* **WORK REQUEST**
Pick out each line below containing "Watch".

(Short text fragments from websites)
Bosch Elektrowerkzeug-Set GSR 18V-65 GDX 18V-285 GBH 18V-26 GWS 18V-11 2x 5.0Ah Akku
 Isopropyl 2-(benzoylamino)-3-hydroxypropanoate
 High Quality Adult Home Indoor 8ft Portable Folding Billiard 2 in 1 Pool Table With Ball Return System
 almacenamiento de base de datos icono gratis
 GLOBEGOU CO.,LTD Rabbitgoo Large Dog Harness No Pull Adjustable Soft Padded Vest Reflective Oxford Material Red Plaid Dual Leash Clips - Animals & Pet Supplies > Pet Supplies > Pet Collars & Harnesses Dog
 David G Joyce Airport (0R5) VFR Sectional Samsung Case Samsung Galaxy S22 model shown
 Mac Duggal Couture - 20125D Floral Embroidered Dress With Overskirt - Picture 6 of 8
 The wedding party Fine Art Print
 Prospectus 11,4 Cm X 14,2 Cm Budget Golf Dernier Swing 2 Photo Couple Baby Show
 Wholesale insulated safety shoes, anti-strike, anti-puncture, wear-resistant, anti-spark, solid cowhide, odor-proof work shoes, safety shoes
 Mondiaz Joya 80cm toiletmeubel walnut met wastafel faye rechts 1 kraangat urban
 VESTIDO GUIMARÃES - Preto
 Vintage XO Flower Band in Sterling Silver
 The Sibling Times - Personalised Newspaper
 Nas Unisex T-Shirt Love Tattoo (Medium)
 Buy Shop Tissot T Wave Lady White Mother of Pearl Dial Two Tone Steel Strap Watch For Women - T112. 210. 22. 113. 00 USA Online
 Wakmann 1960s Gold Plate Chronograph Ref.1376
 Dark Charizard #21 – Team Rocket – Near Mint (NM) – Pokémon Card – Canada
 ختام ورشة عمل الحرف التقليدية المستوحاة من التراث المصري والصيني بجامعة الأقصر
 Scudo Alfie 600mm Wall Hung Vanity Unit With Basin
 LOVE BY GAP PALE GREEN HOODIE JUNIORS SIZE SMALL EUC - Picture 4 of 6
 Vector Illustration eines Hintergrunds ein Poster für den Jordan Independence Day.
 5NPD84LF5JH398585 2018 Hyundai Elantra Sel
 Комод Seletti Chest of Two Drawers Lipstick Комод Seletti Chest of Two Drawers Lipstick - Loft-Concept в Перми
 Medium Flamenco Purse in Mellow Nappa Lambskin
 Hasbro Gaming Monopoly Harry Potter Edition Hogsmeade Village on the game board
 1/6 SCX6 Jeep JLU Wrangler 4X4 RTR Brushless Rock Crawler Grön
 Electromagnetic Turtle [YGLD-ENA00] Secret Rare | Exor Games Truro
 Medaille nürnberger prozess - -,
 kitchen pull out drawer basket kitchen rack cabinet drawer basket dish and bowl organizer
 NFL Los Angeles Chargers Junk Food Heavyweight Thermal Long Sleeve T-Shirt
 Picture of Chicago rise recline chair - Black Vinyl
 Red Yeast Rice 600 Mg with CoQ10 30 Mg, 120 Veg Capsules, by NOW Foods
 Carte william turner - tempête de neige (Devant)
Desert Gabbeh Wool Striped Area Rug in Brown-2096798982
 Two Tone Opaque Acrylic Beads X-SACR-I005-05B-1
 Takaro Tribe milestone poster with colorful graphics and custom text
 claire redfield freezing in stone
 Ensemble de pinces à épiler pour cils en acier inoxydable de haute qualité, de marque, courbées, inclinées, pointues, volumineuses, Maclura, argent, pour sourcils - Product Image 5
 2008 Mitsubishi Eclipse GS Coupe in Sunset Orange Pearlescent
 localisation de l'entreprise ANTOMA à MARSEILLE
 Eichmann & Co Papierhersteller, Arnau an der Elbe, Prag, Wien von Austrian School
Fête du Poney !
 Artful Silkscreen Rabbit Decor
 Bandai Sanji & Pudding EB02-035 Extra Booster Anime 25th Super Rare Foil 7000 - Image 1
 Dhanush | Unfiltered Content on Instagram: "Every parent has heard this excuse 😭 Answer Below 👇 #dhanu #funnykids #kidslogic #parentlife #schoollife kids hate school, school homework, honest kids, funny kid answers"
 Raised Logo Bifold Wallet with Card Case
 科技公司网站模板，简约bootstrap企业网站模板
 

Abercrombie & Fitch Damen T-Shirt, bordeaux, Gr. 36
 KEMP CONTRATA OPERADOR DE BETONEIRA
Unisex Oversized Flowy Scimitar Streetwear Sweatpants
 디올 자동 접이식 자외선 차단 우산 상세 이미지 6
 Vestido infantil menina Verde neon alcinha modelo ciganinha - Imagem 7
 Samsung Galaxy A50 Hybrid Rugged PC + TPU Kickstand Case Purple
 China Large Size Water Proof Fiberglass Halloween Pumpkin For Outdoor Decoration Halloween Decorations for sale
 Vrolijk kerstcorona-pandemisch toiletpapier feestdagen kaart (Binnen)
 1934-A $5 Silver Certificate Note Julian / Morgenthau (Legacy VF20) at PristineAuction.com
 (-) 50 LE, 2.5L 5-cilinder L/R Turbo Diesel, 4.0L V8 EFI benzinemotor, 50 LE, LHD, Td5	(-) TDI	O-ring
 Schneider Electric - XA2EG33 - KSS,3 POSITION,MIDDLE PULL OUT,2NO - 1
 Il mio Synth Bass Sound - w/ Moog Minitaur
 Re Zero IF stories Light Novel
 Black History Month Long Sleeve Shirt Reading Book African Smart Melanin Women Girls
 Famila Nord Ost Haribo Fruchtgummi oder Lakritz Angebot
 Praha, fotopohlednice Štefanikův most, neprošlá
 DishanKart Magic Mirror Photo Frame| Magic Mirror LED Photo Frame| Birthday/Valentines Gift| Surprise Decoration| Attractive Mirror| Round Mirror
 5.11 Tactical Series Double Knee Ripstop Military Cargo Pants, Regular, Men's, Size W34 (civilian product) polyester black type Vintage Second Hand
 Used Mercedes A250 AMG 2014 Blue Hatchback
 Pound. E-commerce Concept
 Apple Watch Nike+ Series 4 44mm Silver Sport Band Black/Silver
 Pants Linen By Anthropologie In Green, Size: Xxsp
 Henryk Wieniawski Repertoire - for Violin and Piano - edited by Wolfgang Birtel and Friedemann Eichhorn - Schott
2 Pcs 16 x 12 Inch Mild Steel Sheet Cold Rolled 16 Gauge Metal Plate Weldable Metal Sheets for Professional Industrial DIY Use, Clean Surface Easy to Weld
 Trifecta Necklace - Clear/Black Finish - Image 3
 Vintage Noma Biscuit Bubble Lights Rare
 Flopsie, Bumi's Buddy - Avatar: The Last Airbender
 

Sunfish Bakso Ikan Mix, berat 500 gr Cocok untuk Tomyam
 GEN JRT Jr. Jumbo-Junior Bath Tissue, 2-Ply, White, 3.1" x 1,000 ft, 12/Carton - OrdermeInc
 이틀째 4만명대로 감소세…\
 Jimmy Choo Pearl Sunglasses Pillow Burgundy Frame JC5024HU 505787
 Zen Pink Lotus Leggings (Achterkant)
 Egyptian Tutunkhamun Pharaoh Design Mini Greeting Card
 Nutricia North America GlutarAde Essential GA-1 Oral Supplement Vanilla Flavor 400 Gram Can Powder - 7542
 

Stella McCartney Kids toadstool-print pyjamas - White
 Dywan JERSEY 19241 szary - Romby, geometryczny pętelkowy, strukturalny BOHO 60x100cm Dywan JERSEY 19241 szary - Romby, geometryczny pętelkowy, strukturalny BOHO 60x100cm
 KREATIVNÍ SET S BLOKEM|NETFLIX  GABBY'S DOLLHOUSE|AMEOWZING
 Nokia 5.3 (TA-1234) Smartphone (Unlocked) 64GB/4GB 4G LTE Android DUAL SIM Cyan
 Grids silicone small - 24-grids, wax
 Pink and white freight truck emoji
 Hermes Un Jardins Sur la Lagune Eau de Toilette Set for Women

* **RESPONSE AREA**
 Buy Shop Tissot T Wave Lady White Mother of Pearl Dial Two Tone Steel Strap Watch For Women - T112. 210. 22. 113. 00 USA Online
 Apple Watch Nike+ Series 4 44mm Silver Sport Band Black/Silver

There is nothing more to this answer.